# [PROBLEM REQUIREMENTS]
Your answer must be the exact lines below, starting with the line with "by Thomas Paine" and going on through the line with "FUNCIONES MATEMÁTICAS MOD, PI, RANDOM", both included, with no pictures.

# [DATA TO USE]

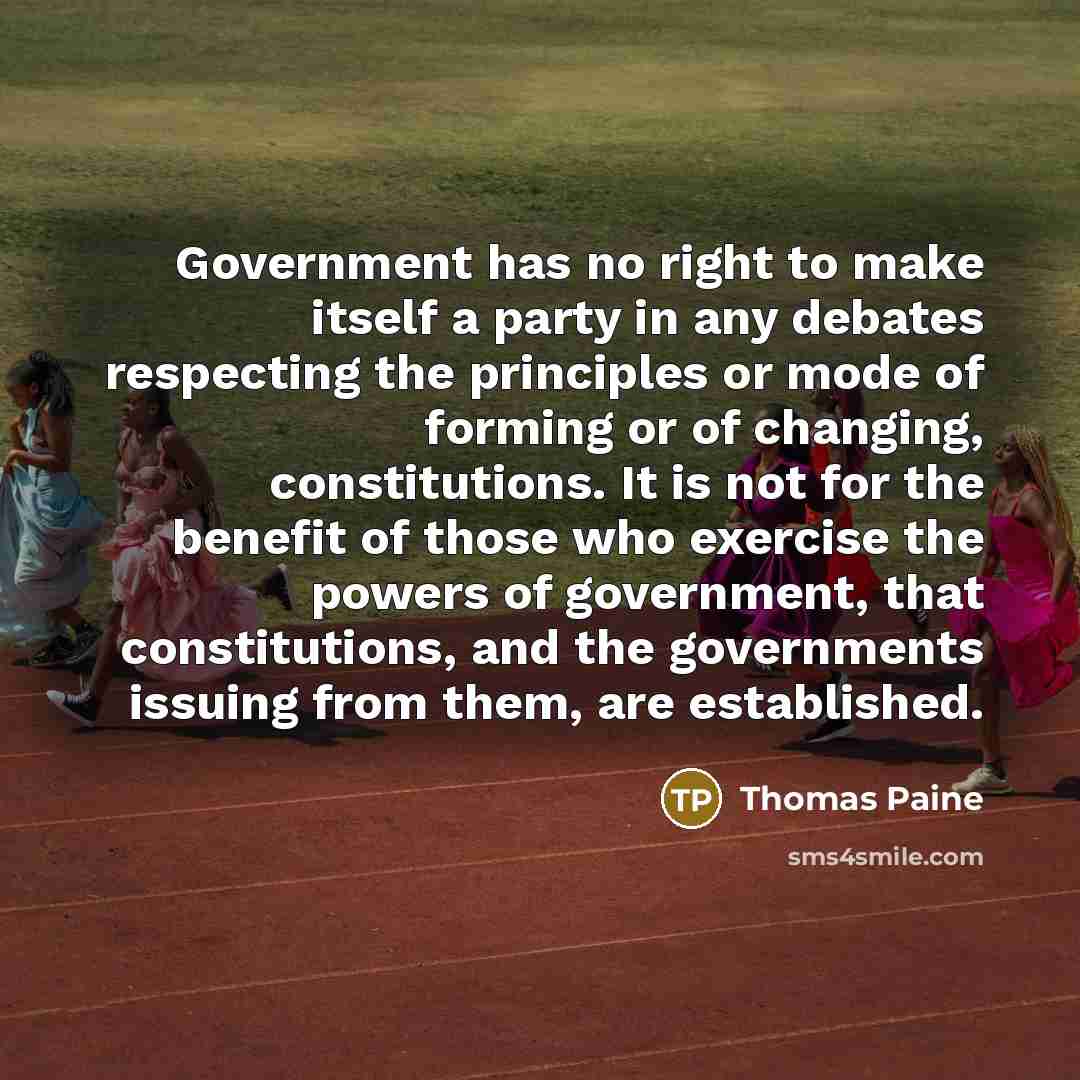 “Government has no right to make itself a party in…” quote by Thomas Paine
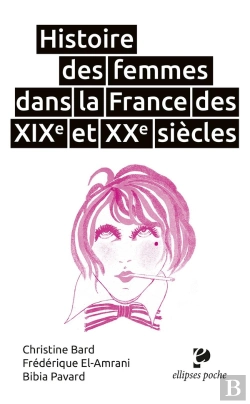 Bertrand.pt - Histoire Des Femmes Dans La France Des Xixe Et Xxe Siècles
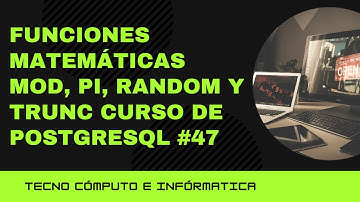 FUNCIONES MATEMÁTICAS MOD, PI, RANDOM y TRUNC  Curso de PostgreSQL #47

--

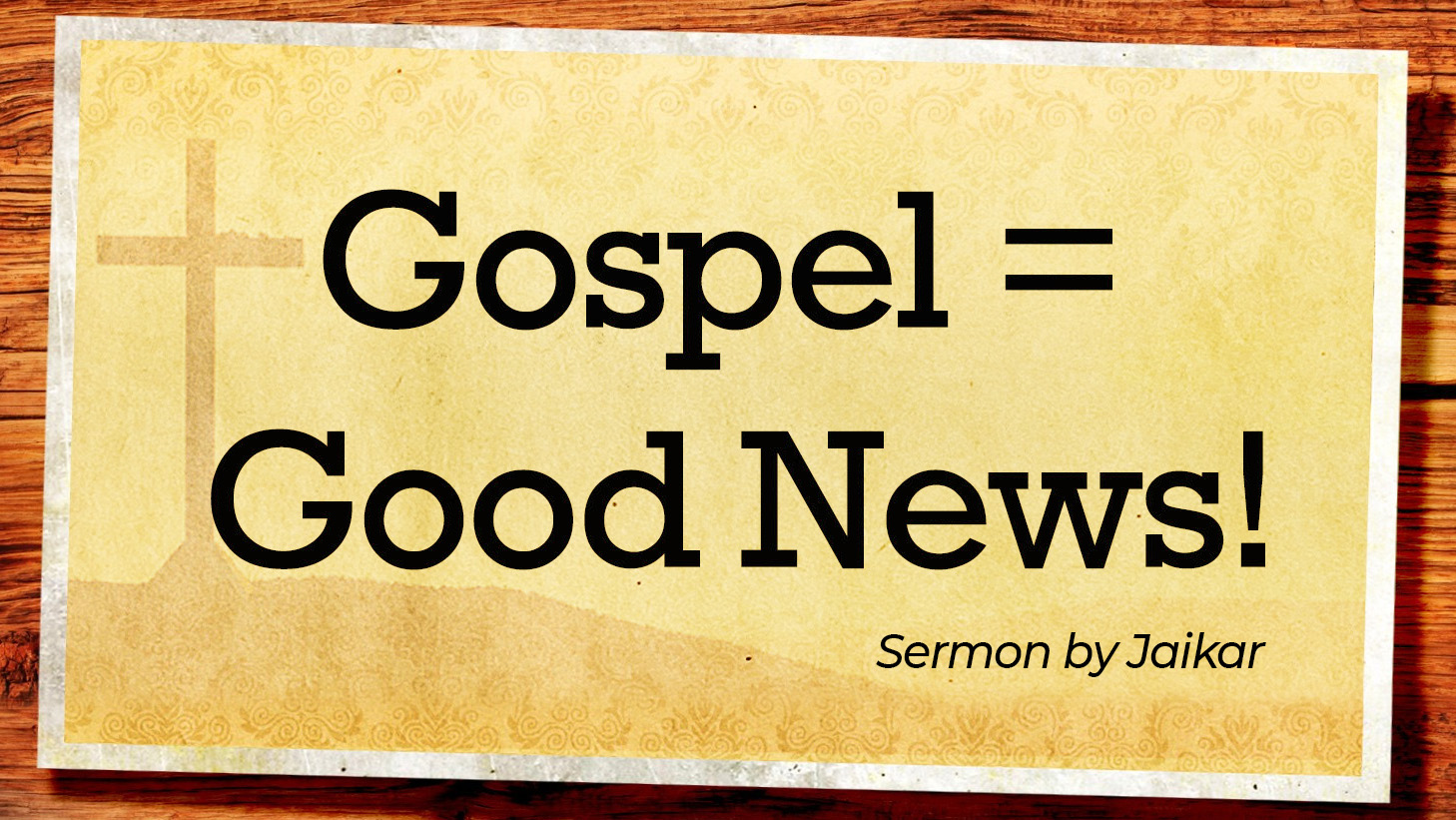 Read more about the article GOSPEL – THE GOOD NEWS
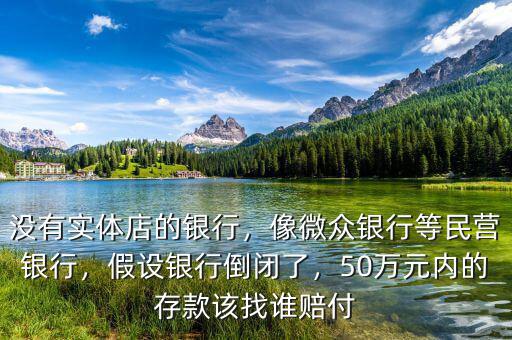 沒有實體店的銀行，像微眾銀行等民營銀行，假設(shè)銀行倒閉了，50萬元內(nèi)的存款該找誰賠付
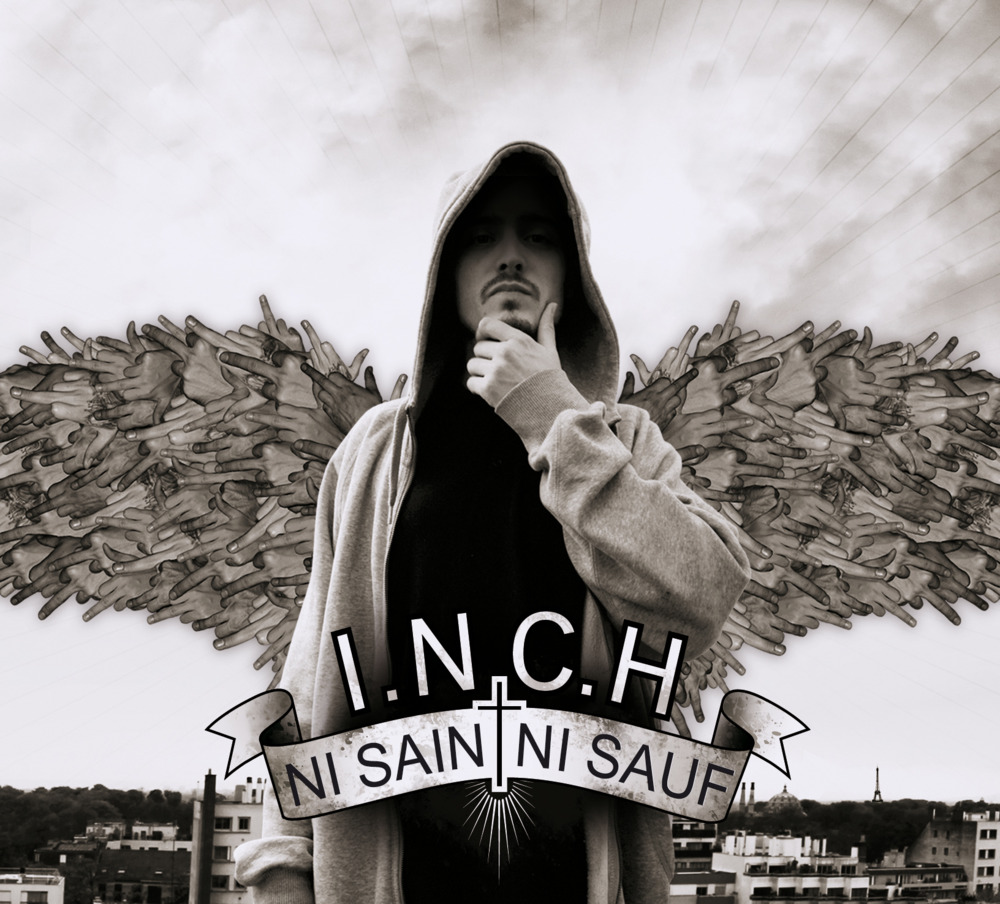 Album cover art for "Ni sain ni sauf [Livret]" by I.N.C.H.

...

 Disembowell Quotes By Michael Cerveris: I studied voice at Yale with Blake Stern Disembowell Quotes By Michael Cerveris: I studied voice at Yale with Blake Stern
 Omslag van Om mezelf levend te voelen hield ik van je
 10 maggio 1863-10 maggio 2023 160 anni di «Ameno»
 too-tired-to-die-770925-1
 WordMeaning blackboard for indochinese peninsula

# [SOLUTION]
 “Government has no right to make itself a party in…” quote by Thomas Paine
 Bertrand.pt - Histoire Des Femmes Dans La France Des Xixe Et Xxe Siècles
 FUNCIONES MATEMÁTICAS MOD, PI, RANDOM y TRUNC  Curso de PostgreSQL #47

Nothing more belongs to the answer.